= Stormrider (Swedish band) =

Swedish black and death metal band

Stormrider was a Swedish black and death metal band.

The band was founded in Stockholm in 1999.

==Discography and reception==
In 2003, they managed to release their debut album, First Battle Won.
It was recorded in Abyss Studios with Tommy Tägtgren. After initially being issued on Destructive Records, the label had problems, leading to a reissuing on New Aeon Media in 2004.
In reviewing the album, Norway's Scream Magazine only gave a 3 out of 6 score. Stormrider "had some way to go before the band can call itself original", and the songs were indistinguishable from the "hoi polloi". Another Norwegian magazine Exact scored the album 4 out of 6, stating the production was good, but that the band needed another pinch of creativity if they were to stand out among the rest. The score was even lower (4 out of 10) from Denmark's Heavymetal.dk, whose reviewer was tired of Swedish death metal bands mixing death and black, having "been heard a billion times before".
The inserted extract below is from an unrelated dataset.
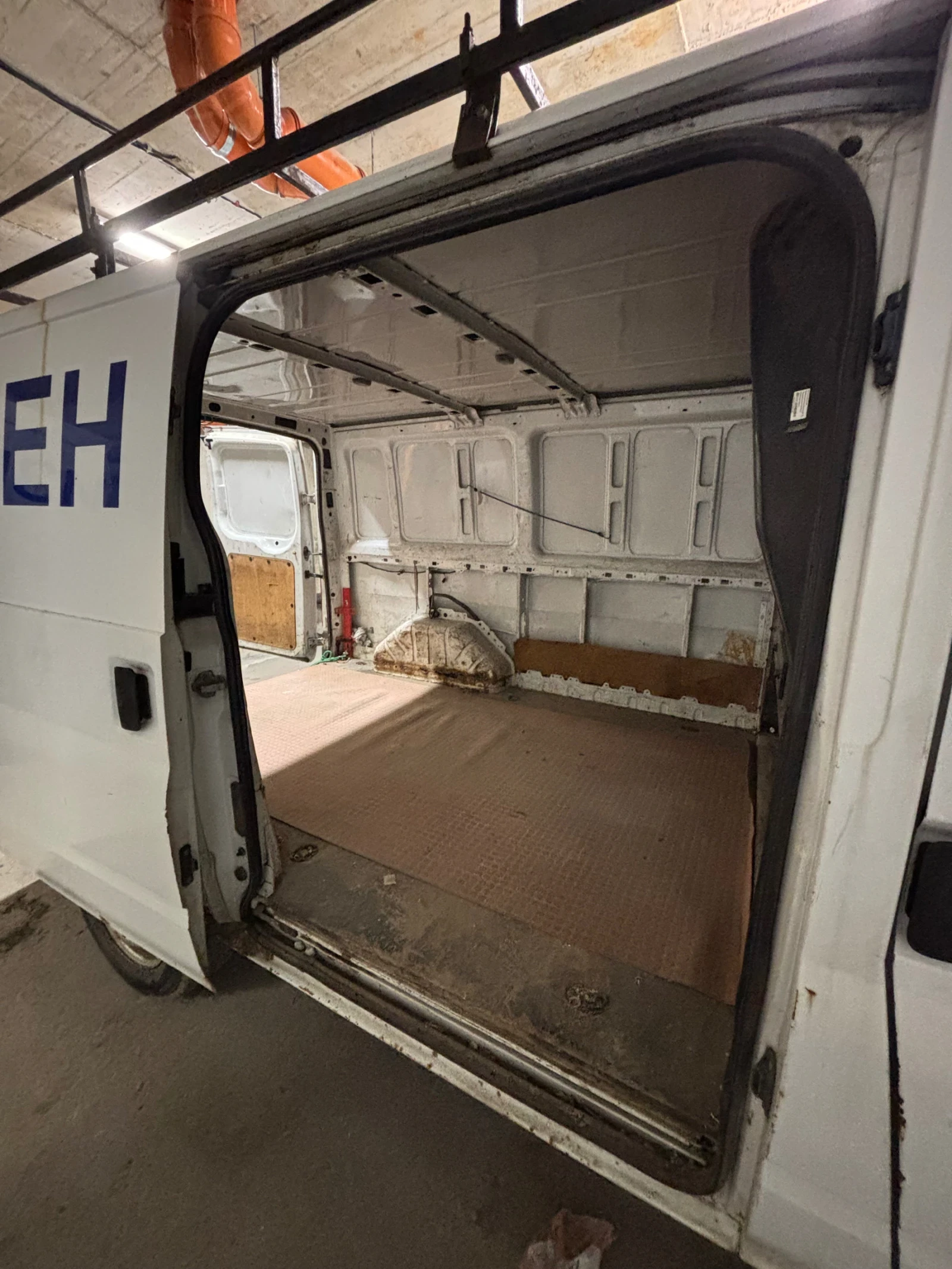 Ford Transit 85T300 - изображение 7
Metal.de found the album "certainly worth buying" for death and black metal fans. In addition to skilled production, "the music sounds incredibly catchy and multifaceted" with "equally compelling" material spread throughout the album, but the overall score was 6 out of 10. Vampster called First Battle Won "a solid Swedish blend of black and death metal sounds, even if no true strokes of genius were achieved in the songwriting department. On the plus side, you won't be bothered by pseudo-innovative flourishes or kitschy keyboards…".

Stormrider's second and last album Lucifer Rising came out in 2007.